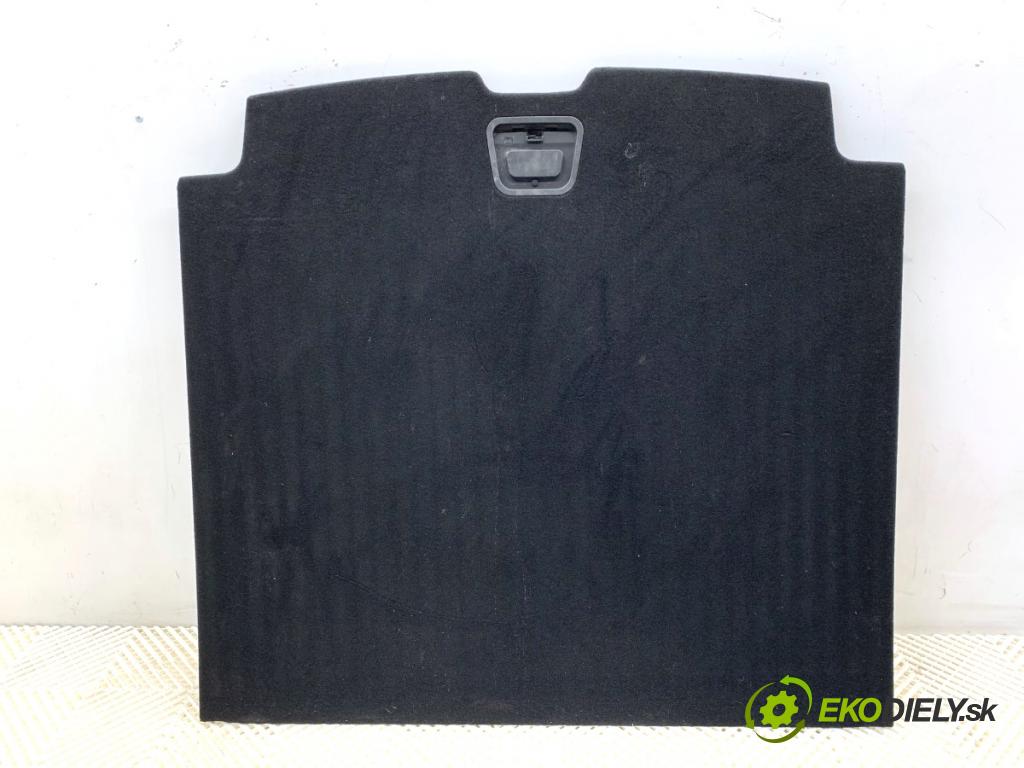 VOLVO XC60 II SUV 2020 173 kW B5 Mild-Hybrid AWD 1969 KRYTINA: kufra 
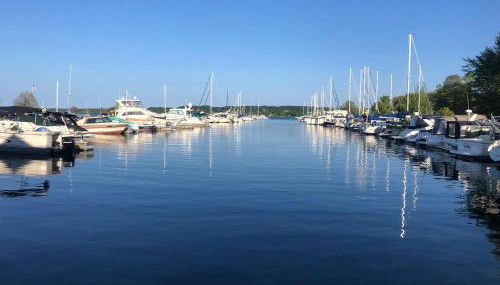 Front Cottage "Green Shutter" - Foto 4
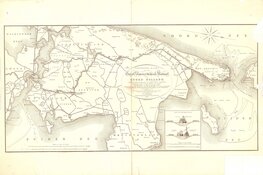 Het Noordhollandsch Kanaal, zegen of last voor Alkmaar?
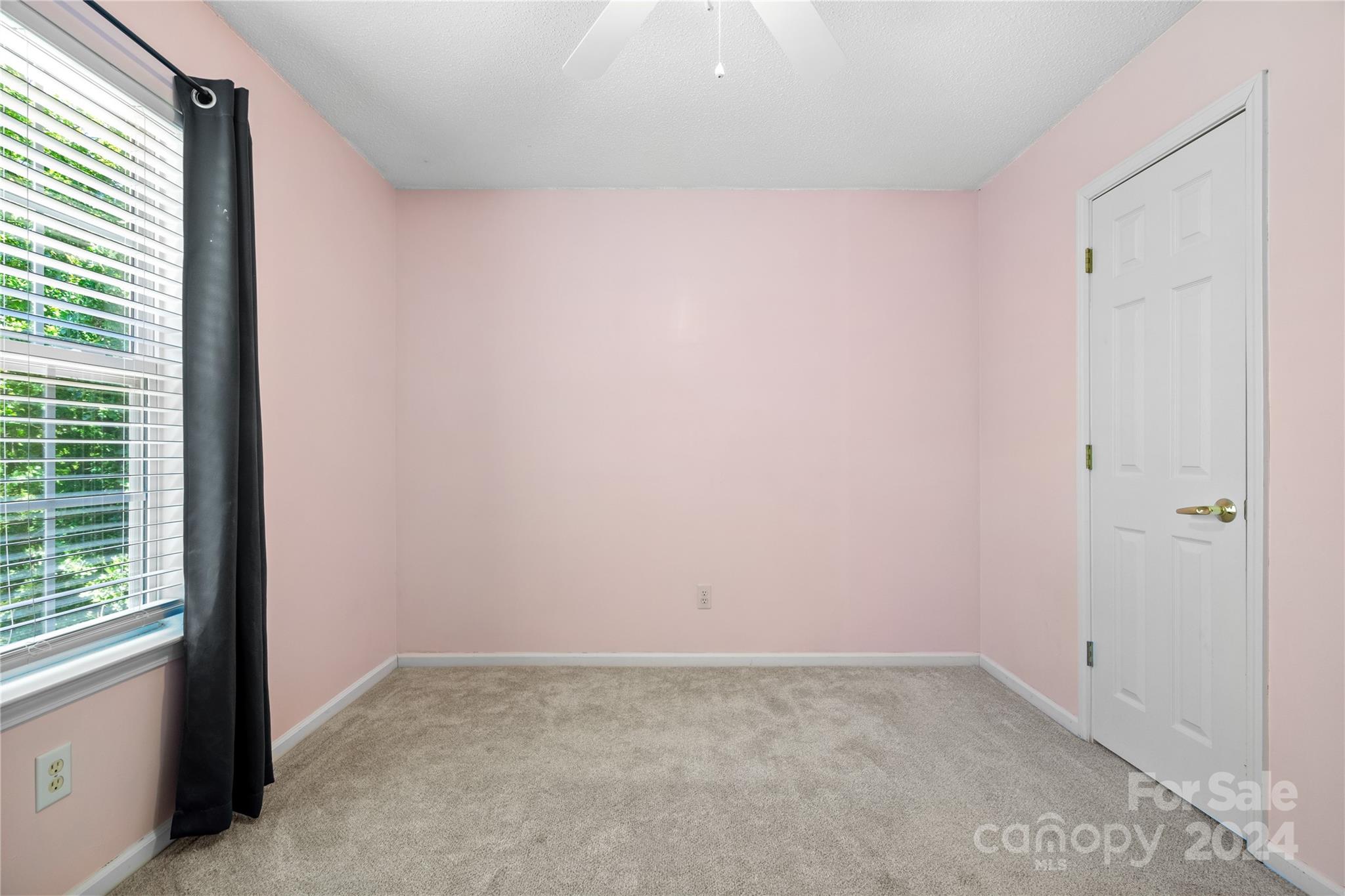 Hollythorn - Residential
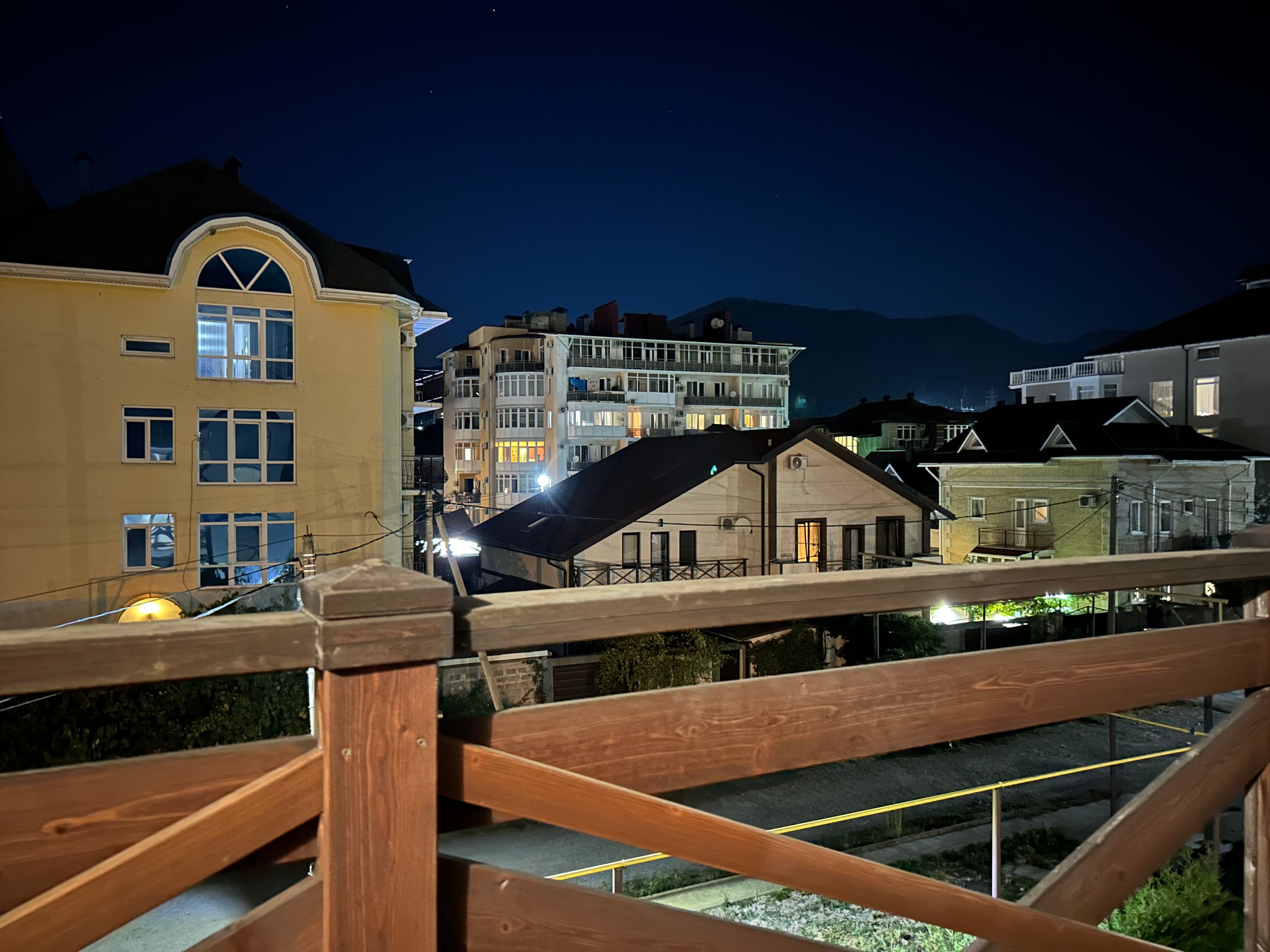 Фото Rimma’s house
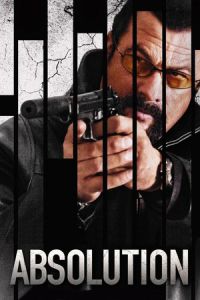 Mercenary: Absolution (Absolution) (2017)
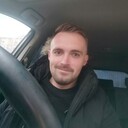 ���������� �������������, ���� ������� Memfys, 34 ����, ������������ ��� ������, ����� � ���������, c�������� ���������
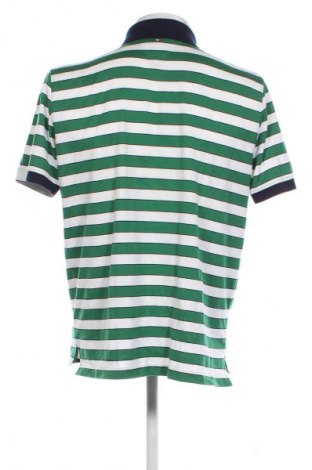 Pánské tričko  Tommy Hilfiger, Velikost XL, Barva Vícebarevné, Cena  866,00 Kč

• **TASK STATEMENT**: The answer must consist of the line containing "Фото Rimma’s house" and every line after it through the end of the records, retyped exactly, with all pictures left out.

• **WRITTEN REPLY**:
 Фото Rimma’s house
 Mercenary: Absolution (Absolution) (2017)
 ���������� �������������, ���� ������� Memfys, 34 ����, ������������ ��� ������, ����� � ���������, c�������� ���������
 Pánské tričko  Tommy Hilfiger, Velikost XL, Barva Vícebarevné, Cena  866,00 Kč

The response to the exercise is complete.